[Artificial intelligence for diagnosis of vertebral compression fractures using a morphometric analysis model, based
A V Petraikin1, Zh E Belaya2, A N Kiseleva3
1Research and Practical Clinical Center for Diagnostics and Telemedicine Technologies.
Summary
An AI model, Comprise-G, effectively detects vertebral compression fractures (VFs) on chest CT scans, improving osteoporosis complication diagnosis. This AI assistant shows high accuracy, aiding radiologists in preventing future fractures.
Area of Science:
- Radiology
- Artificial Intelligence
- Medical Imaging
Background:
- Pathological low-energy vertebral compression fractures (VFs) are common osteoporosis complications.
- VFs are often unreported on chest CT (CCT), necessitating advanced diagnostic tools.
- An AI assistant can improve the detection of osteoporosis complications and prevent new fractures.
Purpose of the Study:
- To develop an AI model for automated diagnosis of thoracic spine compression fractures.
- The model aims to assist radiologists in identifying VFs on CCT images.
Main Methods:
- A retrospective study used 160 anonymized CCT scans.
- Morphometric analysis and semiquantitative assessment were performed.
- A CNN-based AI model (Comprise-G) was developed to measure vertebral bodies and calculate compression degree.
Main Results:
- The Comprise-G model achieved high sensitivity and specificity in detecting VFs.

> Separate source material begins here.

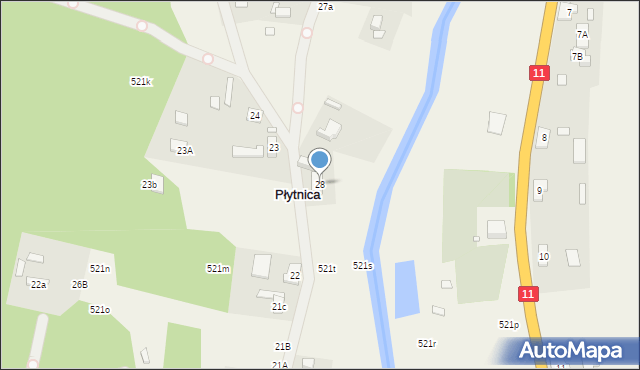 Płytnica, Płytnica, 28, mapa Płytnica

- On test data, the model showed 83.2% sensitivity and 90.0% specificity for VFs in patients.
- For individual vertebrae, the model demonstrated 79.3% sensitivity and 98.7% specificity on test data.
Conclusions:
- The Comprise-G AI model exhibits strong diagnostic performance for VFs on CCT.
- The model shows potential for clinical application and warrants further validation.